I’ve been meaning to write about camera lenses for a while now.
The single most important thing about a lens is that the pictures you
take with it looks great. If it isn’t perfect in every possible way when
you zoom in, but look great I would say it is a good lens. For example
Leica lenses are not the sharpest in the world, but they look fantastic.
And I would say that look better than most if not all of the “perfectly
sharp” lenses available. This is because if you are making a “perfect”
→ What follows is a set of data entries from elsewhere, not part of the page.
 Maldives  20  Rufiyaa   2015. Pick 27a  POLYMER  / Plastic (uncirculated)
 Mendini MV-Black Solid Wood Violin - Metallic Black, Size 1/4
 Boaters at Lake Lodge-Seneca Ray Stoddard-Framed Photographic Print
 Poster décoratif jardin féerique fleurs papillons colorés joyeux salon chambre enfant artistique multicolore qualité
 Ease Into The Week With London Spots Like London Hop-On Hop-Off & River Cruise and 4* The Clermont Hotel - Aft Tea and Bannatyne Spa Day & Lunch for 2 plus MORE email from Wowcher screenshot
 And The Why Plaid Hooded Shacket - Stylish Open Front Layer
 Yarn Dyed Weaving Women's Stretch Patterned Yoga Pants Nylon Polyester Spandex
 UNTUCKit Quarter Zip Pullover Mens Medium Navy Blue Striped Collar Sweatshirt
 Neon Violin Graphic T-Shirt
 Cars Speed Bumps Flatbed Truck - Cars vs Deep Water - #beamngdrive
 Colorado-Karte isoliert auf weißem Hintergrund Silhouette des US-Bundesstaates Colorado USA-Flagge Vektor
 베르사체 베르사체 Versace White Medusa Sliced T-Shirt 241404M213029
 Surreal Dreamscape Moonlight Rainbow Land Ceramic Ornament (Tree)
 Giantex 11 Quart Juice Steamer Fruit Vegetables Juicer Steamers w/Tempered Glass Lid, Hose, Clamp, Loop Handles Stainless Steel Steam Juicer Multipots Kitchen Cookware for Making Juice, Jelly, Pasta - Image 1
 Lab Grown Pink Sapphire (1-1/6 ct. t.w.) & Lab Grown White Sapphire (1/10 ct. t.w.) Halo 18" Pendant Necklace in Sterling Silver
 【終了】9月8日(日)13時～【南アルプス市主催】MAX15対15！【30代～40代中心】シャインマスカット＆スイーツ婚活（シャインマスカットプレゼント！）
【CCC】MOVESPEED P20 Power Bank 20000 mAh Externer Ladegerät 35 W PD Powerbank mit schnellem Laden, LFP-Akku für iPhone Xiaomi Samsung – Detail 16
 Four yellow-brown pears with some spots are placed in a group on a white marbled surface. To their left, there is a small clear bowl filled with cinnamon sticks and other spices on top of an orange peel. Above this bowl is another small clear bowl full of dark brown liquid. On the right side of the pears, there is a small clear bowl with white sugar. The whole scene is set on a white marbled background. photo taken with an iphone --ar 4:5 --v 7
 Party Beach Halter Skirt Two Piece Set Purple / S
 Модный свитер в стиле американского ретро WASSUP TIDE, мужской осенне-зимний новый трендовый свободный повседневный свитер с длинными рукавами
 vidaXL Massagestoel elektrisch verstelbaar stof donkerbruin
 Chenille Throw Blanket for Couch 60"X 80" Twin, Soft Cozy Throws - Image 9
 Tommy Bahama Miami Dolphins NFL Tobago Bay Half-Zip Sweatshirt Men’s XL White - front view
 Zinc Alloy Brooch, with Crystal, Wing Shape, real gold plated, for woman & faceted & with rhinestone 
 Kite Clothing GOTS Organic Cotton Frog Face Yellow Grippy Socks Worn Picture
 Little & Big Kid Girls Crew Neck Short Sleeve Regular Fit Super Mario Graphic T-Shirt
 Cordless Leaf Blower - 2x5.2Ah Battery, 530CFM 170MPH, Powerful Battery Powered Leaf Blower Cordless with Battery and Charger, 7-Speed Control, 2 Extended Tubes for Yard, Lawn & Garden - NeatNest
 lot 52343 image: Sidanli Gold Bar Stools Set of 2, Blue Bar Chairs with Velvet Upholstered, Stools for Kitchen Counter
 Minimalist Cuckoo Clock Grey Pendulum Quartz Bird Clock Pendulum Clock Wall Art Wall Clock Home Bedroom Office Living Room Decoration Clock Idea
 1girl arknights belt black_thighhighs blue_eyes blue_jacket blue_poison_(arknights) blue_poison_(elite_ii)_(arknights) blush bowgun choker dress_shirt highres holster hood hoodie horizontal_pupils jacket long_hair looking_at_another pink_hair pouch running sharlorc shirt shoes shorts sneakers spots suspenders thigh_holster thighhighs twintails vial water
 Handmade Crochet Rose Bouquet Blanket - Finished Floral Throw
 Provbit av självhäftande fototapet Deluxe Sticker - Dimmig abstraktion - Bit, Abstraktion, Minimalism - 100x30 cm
lens you add more elements or glass to the lens that means more stuff it
has to pass through to correct various optical “problems”. And then you
loose something called micro contrast. Some people want a perfect lens
because of reasons that is beyond me (a fancy way of saying: for reasons
that don’t matter) and some of us just want a lens that produces great
Every lens has a focal length. That is the number you read in mm. It is
a horrible system because how close you would be to a subject with X mm
varies based on how large the film or sensor is. You have something
called the crop factor, that is how large the sensor or film in your
camera is relative to 35mm film. For example my Fuji is around 1.5(same
goes for Sony and Nikon APS-C cameras) and a full frame camera is the
same as a 35mm camera; Canon APS-C is 1.6 and MFT (Sony and Panasonic)
has a crop factor of 2.0.
Let’s take a 50mm lens on all of the systems:
We are stuck with the mm system, but it sucks. The mm number on your
lens is not just about how much you can fit in your frame or how far
away you can stand away from your subject. A beginner would probably
chose a lens or focal length based on that. But more experienced
photographers would often chose them based on the look the different
focal lengths give you.
Longer lenses (larger focal lengths) compresses what you take pictures
of while wider lenses (smaller number) kind of makes everything look
more “dragged out”. This means that a portrait taken with my 8mm lens
makes people look fatter than with my 105mm. A longer lens also means
that you need a shorter shutter speed to avoid a shaky image, this is
because the magnification means all shape is magnified. The rule is
usually that the slowest is the same as the focal length equivalent on a
It will also be a larger separation between subject and background when
you use a longer lens. This means that background blur and “bokeh” is
more visible the longer the lens is. This plus that people look slimmer
with longer lenses are the reason you often want to use a as long as
possible lens when shooting portraits.
The next important technical detail about a lens is the aperture. It’s
that strange number with a f in front of it. It basically tells us how
wide a lens can open up. The smaller the number the larger it can open.
For example f/1.2 is very wide. When you set your lens to a small number
means that less stuff are in focus, While a larger one means that more
stuff are in focus. But there is a limit to how large you should go,
relative to how large your sensor is. This is one of the reasons medium
and large format cameras are popular among landscape photographers.
Some lenses also have optical stabilisation, and some camera bodies have
it. This can make it possible to shoot pictures with much slower shutter
speeds than without it. But you should always disable it when you shoot
with a tripod.
Now. Let’s get back to what I started with.
The smaller the f-stop number is, the bigger the lens would be, and the
more “technically perfect” it is the more elements there are in the
lens, often really big and heavy when it is really small, like f/1.2 or
smaller. This means that the lens can be very unfordable to hold and use
for long periods at a time. But it also means that auto focus will be
slower. The reason for this is that there is small motor inside your
lens that moves the elements forth and back until it’s in focus.
For example Fuji has f/2 and f/1.4 versions of both their 23mm (equal to
35mm) and 35mm (equal to 50mm) lenses. The f/2 version is much lighter
and has much faster auto focus speed. This shows the never ending
problem when you pick a lens: what’s most important to you?
When I talk about “technical perfection” that means that the lens
manufacturer add a lot of extra elements or focus more on the lens being
“perfect” than producing good pictures. They are basically trying to
solve a number of optical anomalies. Like making sure all of the lens
always is “sharp”. Or that the light spots in the out of focus parts of
your pictures have the right shape and a million other things.
Some people (that often are more into the technical specs of the camera)
care a lot about this. I personally don’t care. The thing I care about
is that the pictures look good, and that the colours come out right.